The region might thus become a miasmic arena where drifter radicals, unable to go home to the West for various reasons, chance their luck here.

They will hope to make common cause with issues such as the Rohingya. They will also seek to leverage on the febrile mood in the region - religious practice formerly inclusive and syncretistic becoming intolerant, increasingly fed by governments seeking to burnish Islamist credentials.

ISIS' loss of its caliphate is not the end, but perhaps the end of the beginning.

Fifteen years after 9/11, we still do not fully understand what radicalises someone - this is a failure not simply on the part of security services, but also the increasing numbers of academics and psychologists who have turned their minds to the issue.

In some cases, we can make good guesses. One can understand the motivations of a young angry man from the French banlieue with no prospects and with a police record who becomes an ISIS aspirant.
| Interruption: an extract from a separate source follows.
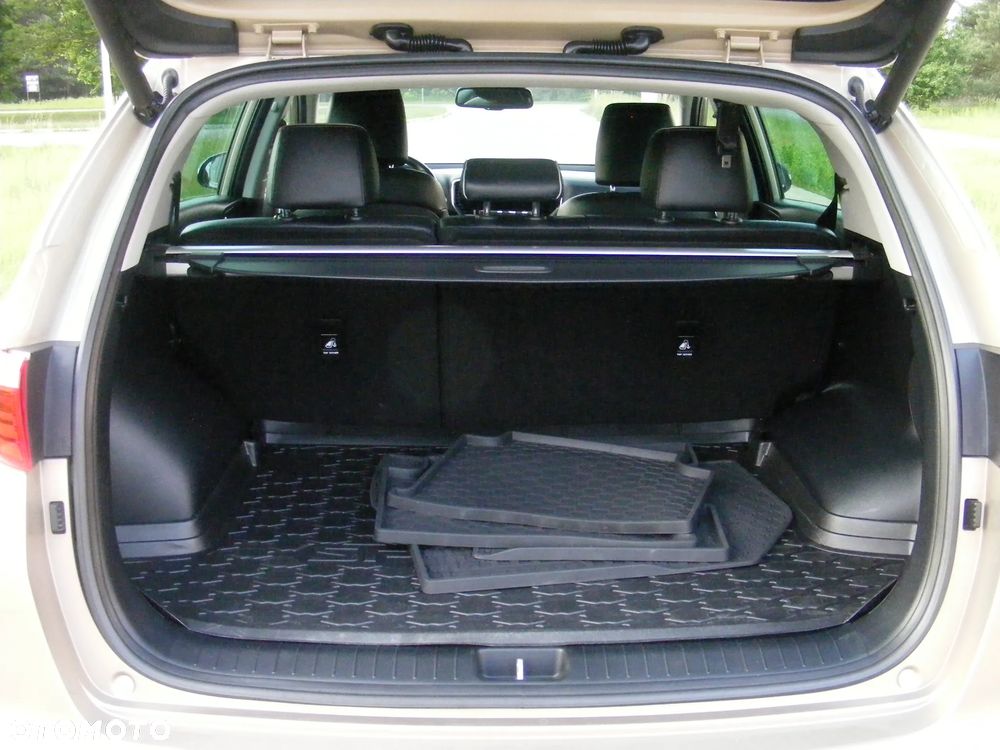 Kia Sportage 2,0 CRDI AWD Platinum - 18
But many radicalised individuals were integrated in their societies, with good jobs and prospects. Understanding their trajectory is not so simple.

Nor do we fully understand why some who go through counselling or deradicalisation become recidivists. This has happened, at least twice, in Singapore.

SGSecure has an app, but there is no app to detect or predict radicalisation or recidivisim. What risk assessment tools that do exist, largely adapted from the study of violent offenders, are by and large imperfect.

What we do know, however, and what senior officials from the security establishment have repeatedly said, is that "you can't arrest your way out of the situation".

We should not shy away from borrowing the best of Countering Violent Extremism (CVE) practices from countries in the West. Some nations have decided that it is vital to go very far upstream in the CVE stakes.

They are trialling pilots in critical thinking skills in schools - when confronted by ISIS propaganda and recruitment matter, youth are being schooled in the ability to rationally interrogate the source material.

In other countries, there have been attempts in diversion (through seed money for sporting or cultural activities, for example), in terms of deflecting the trajectory of people who might become at risk down the line.

This kind of resilience is important. For their part, policymakers worldwide will need to accept that these embryonic methods do not lend themselves to a straightforward cost-benefit analysis or control groups.

But the stakes are too high not to try.

  • Dr Shashi Jayakumar is head of the Centre of Excellence for National Security at the S. Rajaratnam School of International Studies, Nanyang Technological University.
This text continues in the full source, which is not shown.